Slippery queers

Good show, strange premise

One of the interesting things about the idea of queerness is that it often brings up more questions than it answers. As language and meaning evolve, the word queer grows distant from the concept it refers to. Sometimes the words gay and queer seem interchangeable. For example, Sinbad In The Rented World, the latest exhibition at the Art Gallery Of York University, claims that it is “devoted to exploring the queer aesthetic in Toronto art,” but really comes off as a gay male show.

The show is spawned from filmmaker Jack Smith’s perpetual question, “Could art ever be useful?” Today the question seems rhetorical. If art were not useful, we wouldn’t bother to keep making it. Gallery director Philip Monk twists Smith’s question and asks the participating artists to ponder queer art’s social function.

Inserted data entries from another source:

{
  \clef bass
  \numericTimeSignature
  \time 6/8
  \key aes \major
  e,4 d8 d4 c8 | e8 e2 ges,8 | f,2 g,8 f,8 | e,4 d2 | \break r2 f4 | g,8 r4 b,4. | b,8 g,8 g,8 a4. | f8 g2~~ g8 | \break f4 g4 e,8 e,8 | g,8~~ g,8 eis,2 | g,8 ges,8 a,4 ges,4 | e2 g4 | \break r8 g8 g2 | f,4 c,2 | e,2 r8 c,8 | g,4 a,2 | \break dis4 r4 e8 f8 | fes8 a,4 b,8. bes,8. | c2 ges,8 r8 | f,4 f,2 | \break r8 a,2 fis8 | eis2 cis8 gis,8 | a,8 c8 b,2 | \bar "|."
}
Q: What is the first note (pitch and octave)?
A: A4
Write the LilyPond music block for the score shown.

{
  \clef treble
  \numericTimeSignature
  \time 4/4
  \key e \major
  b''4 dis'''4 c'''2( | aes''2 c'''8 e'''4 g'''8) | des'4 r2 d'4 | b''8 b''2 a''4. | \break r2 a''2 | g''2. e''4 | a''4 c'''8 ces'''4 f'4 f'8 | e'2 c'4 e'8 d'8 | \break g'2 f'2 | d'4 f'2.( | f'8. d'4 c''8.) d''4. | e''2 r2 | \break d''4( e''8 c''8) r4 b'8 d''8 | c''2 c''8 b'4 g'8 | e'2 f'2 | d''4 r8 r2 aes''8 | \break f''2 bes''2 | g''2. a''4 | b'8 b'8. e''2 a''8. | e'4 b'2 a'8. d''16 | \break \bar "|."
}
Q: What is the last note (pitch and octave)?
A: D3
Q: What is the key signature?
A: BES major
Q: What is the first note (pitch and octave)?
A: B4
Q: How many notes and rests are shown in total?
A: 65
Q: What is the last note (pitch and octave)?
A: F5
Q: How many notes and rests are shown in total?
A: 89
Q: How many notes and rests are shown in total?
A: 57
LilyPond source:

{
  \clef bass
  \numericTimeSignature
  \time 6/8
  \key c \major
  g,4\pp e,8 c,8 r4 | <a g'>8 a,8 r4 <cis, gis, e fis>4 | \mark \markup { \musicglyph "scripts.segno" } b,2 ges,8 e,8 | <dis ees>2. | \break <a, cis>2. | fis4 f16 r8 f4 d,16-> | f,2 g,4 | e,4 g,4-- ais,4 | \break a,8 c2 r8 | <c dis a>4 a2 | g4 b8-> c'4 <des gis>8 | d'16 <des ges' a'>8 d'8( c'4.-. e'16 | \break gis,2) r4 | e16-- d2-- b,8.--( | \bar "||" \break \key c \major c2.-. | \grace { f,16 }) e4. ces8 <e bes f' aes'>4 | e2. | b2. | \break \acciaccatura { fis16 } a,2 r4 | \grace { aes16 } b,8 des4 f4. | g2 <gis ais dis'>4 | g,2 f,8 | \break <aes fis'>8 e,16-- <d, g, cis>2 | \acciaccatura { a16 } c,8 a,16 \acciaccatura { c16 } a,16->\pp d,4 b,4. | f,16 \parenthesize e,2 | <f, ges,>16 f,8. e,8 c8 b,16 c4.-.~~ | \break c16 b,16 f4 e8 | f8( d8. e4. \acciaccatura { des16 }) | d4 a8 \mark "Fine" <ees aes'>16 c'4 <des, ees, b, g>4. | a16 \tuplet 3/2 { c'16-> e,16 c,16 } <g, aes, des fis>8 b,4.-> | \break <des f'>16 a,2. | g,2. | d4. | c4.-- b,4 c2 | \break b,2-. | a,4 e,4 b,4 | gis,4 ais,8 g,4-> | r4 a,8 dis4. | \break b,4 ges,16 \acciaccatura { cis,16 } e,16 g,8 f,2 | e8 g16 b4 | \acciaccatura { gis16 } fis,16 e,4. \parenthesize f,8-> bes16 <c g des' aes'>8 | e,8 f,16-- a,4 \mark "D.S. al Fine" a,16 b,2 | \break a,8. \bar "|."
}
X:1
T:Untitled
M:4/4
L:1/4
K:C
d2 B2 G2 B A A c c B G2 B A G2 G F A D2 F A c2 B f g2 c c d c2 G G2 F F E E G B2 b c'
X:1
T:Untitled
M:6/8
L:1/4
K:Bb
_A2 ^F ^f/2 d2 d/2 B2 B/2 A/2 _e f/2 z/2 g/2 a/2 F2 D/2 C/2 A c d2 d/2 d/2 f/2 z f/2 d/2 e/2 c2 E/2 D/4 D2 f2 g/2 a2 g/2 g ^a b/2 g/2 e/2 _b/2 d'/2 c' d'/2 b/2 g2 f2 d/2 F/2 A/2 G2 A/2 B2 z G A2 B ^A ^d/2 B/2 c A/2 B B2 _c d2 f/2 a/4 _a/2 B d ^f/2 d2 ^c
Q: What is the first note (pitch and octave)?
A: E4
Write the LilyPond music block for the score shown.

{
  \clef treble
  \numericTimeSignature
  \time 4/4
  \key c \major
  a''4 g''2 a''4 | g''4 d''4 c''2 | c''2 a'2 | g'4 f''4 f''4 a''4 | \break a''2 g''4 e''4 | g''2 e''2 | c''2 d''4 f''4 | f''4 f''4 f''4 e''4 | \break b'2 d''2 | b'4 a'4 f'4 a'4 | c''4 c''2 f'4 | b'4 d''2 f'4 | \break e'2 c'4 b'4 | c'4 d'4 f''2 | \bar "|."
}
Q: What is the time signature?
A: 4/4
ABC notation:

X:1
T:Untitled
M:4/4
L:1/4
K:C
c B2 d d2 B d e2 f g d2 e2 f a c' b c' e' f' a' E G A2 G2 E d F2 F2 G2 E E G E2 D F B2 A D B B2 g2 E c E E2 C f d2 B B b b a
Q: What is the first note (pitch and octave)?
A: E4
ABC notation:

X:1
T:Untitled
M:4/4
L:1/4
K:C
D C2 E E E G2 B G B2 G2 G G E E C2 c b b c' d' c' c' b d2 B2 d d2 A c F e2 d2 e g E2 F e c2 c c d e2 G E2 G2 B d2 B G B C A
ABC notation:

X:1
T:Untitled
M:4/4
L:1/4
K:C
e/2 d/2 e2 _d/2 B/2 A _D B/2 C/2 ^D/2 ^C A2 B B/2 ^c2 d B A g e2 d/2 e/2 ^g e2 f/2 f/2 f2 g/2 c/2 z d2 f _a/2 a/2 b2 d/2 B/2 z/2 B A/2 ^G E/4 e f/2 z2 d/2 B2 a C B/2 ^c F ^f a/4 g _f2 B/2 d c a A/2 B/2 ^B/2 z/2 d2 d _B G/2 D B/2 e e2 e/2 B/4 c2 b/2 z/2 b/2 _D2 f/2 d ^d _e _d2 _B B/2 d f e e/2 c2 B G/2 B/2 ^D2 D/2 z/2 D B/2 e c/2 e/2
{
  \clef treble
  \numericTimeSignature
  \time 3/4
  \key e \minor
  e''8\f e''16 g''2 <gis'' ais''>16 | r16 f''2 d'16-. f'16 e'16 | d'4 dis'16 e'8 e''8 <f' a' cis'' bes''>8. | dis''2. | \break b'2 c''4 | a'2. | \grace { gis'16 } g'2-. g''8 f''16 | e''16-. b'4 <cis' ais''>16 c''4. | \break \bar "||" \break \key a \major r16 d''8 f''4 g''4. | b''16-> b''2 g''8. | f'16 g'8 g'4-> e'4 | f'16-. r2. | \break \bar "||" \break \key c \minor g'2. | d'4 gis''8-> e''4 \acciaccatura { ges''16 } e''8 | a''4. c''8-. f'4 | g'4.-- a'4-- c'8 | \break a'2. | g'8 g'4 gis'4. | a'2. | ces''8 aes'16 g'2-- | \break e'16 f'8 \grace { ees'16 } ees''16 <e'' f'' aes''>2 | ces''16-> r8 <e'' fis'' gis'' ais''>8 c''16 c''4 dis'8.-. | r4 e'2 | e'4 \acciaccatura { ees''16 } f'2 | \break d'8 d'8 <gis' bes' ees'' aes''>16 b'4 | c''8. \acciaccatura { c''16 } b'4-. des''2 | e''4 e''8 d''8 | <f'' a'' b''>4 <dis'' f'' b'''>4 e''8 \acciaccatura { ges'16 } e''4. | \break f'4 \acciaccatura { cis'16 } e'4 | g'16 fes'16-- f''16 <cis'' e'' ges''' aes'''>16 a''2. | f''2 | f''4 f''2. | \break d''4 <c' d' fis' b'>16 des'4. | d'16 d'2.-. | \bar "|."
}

Last I checked, queer was a rather inclusive idea, and there are lots of queer women and trans folks making art in Toronto. As such, Sinbad does not explore the queer aesthetic as it claims, but rather explores one person’s ideas on queer aesthetics. After all, is there really a specific visual style that makes art queer? Can an artist who maintains a strictly gay identity be queer? Can a straight woman?

To those in the know, the artists of Sinbad are a diverse group of people. To those not, this show will appear as another collection of work by gay men. Rather than asserting claims of queerness, perhaps this show could have promised to promote the work of hip young homos. It would have done a fine job in the process.

Slippery curatorial claims aside, this show has some really nice work in it. Upon entering the gallery one is greeted with Jeremy Laing and Will Munro’s Virginia Puff Paint, a laced and bedazzling orifice drapery complete with a performance documentation video. Watching Laing and Munro perform is like watching a lacy, supernatural peep show addressing our inability to understand sexuality – and celebrating it at the same time.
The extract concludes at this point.